Devenue donc ce point de départ d’un « roman » sur l’artiste, la fenêtre matissienne – ce lieu de conversion, cet échangeur écrivait Pierre Schneider, a en réalité tout à voir avec l’exposition, ce cadrage qui équivaut pratiquement à un terme : « voici » issu de cette famille de mots nommés embrayeurs – ceux qui initient une action, montrent et indiquent dans le même temps, même si c’est en creux, ce qui ne sera pas vu : « pas là, ici ». « Pas là » : car chez Matisse, la dispersion tant commentée de l’œuvre est concomitante des débuts, lorsque s’échappaient les fulgurances décoratives de 1909, 1910, 1911 en direction des collections de Serguei Chtchoukine et Ivan Morosov à Saint-Pétersbourg et Moscou, (le « vrai musée Matisse » écrivait le critique André Levinson en 1930) pour ne citer que cet exemple – mais il est légendaire.

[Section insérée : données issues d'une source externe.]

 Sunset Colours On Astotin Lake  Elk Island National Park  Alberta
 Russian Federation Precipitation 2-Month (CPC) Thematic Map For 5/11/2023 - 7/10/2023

Que l’on pense encore à certaines œuvres laboratoires de l’artiste, celles qui voyagent si peu, et ne voyageront plus guère – voire, celles qui sont proprement immeubles, comme La Danse de Barnes ou, différemment, le Bonheur de vivre. Meyer Schapiro le dit dans son texte magistral « Matisse and Impressionnism » (1933) : il y a dans la vision du peintre, les objets proches et les objets lointains.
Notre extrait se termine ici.